About this task:
Please give back, exactly as written, the lines from the line with "265/70/17 UNIROYAL LAREDO AWR Летние бу" to the line with "2PCS 12V AT75769" in the listing below, leaving out all pictures.

Provided entries:
┄┄┄┄┄┄┄┄┄┄

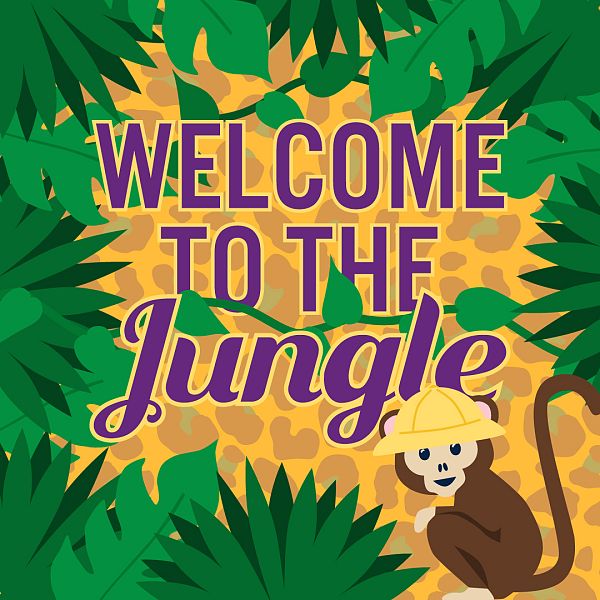 Welcome to Jungle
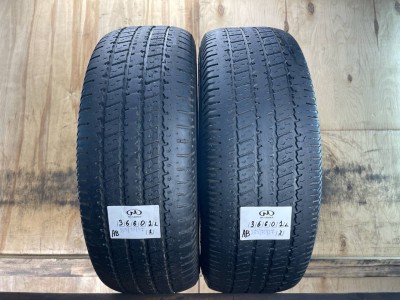 265/70/17 UNIROYAL LAREDO AWR Летние бу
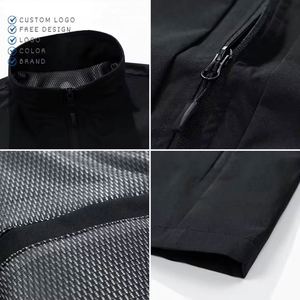 Design Custom Embroidery Logo Polar Fleece Vest <b>Jacket</b> with Full Zip Design <b>Workers</b> Volunteer Summer Warm Uniforms - Product Image 6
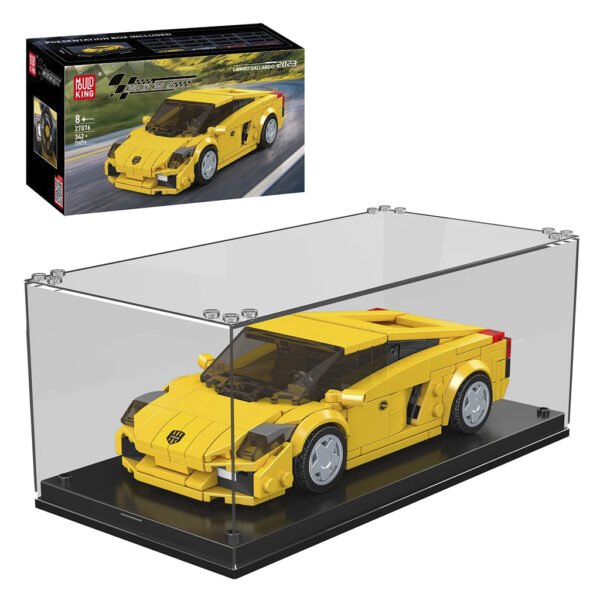 Juguete de Construccion Mould King 27076-LAMBO GALLARDO-342 Piezas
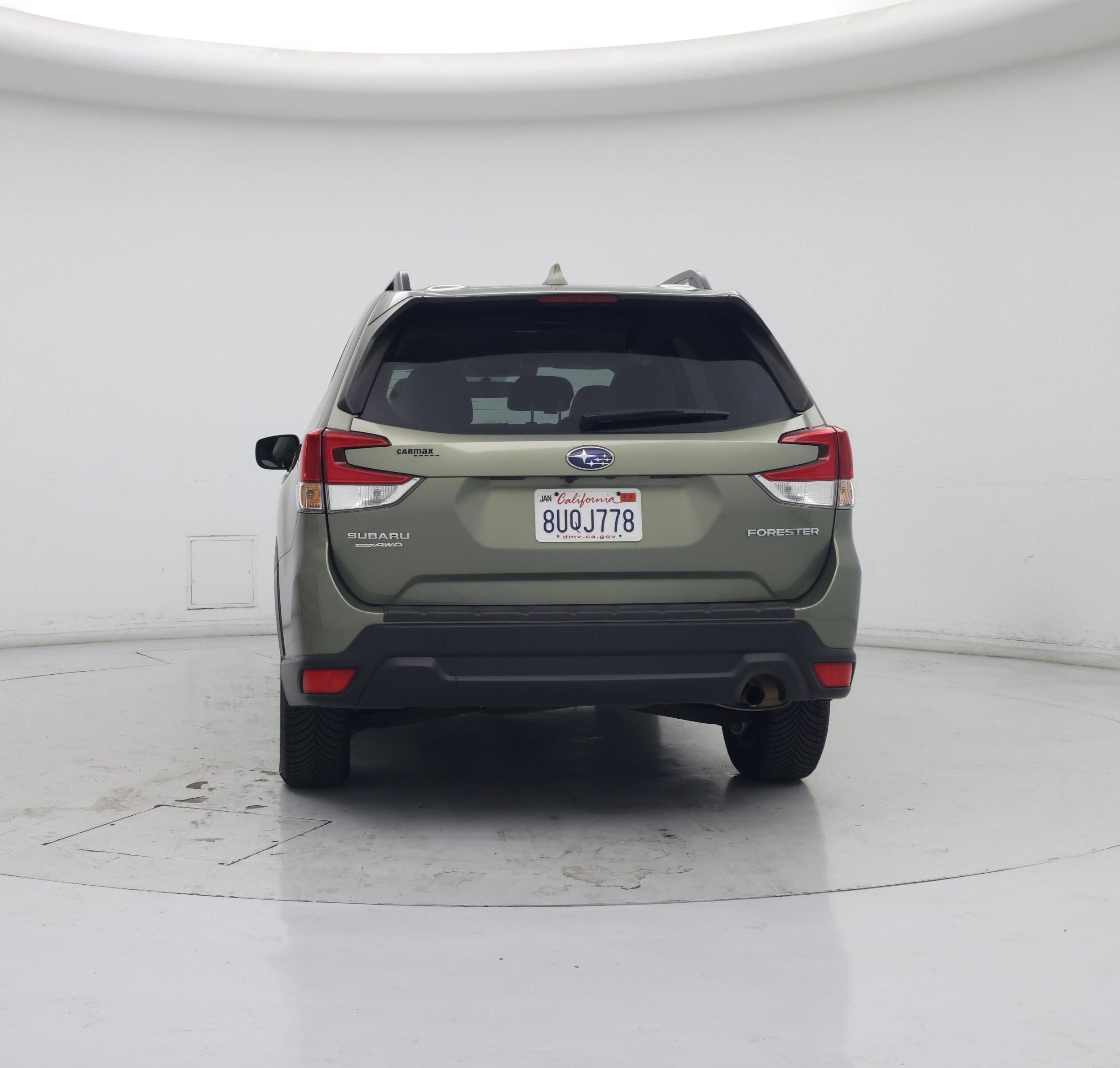 Thumbnail: 2021 Subaru Forester - 6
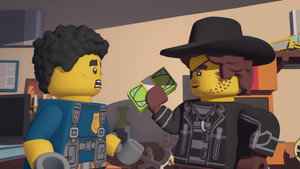LEGO City kalandok 2. évad Ep.12 12. epizód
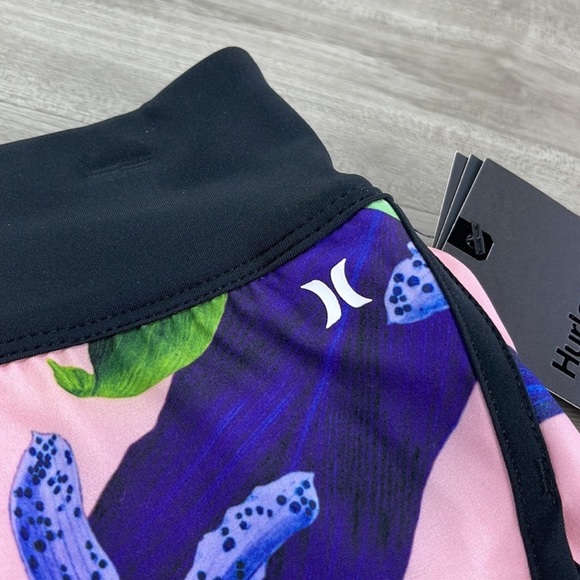 ☀️HURLEY☀️ PLATINUM ORCHID BOARD SHORTS - Picture 5 of 11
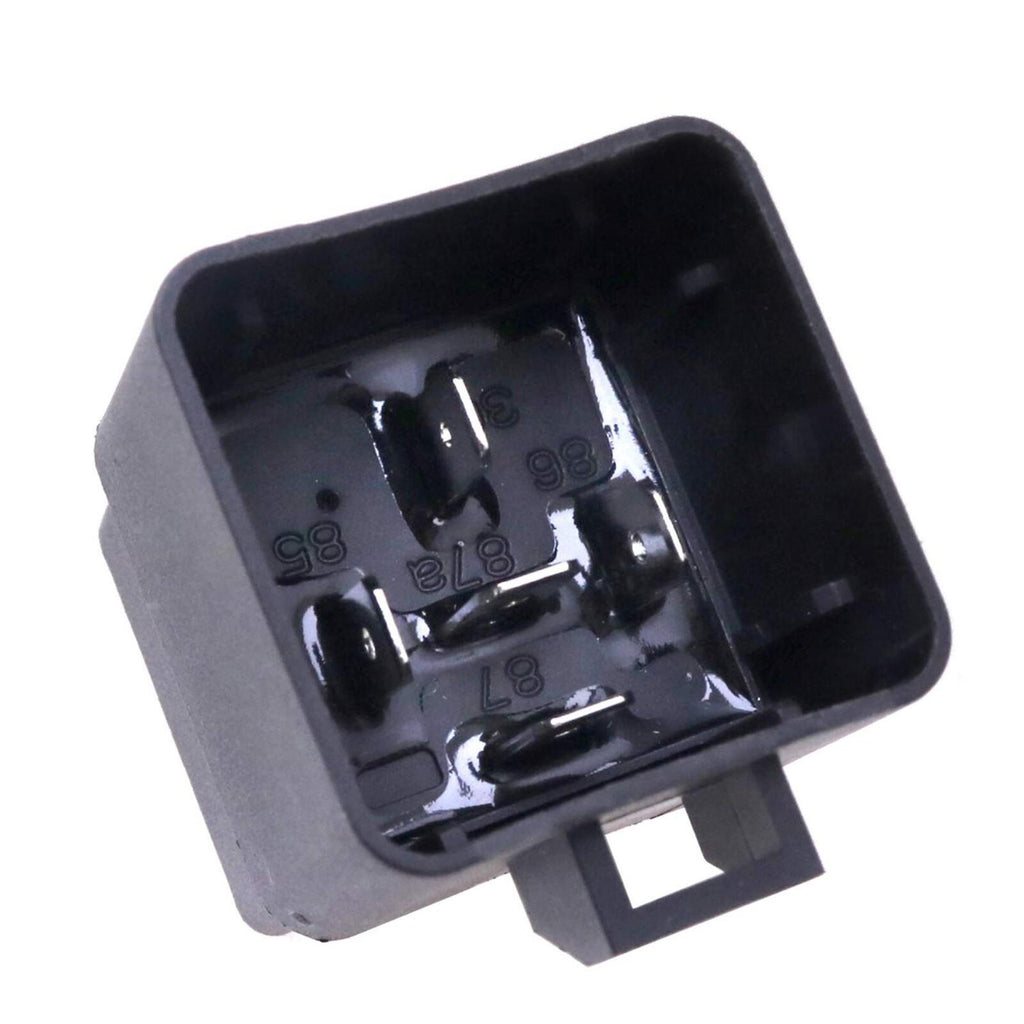 2PCS 12V AT75769 Relay for John Deere 425 445 455 430 Lawn & Garden Tractor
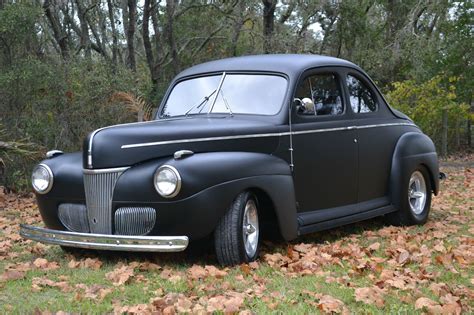 Email alerts available. . 1941 ford coupe hot rod for sale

┄┄┄┄┄┄┄┄┄┄

Final answer:
 265/70/17 UNIROYAL LAREDO AWR Летние бу
 Design Custom Embroidery Logo Polar Fleece Vest <b>Jacket</b> with Full Zip Design <b>Workers</b> Volunteer Summer Warm Uniforms - Product Image 6
 Juguete de Construccion Mould King 27076-LAMBO GALLARDO-342 Piezas
 Thumbnail: 2021 Subaru Forester - 6
LEGO City kalandok 2. évad Ep.12 12. epizód
 ☀️HURLEY☀️ PLATINUM ORCHID BOARD SHORTS - Picture 5 of 11
 2PCS 12V AT75769 Relay for John Deere 425 445 455 430 Lawn & Garden Tractor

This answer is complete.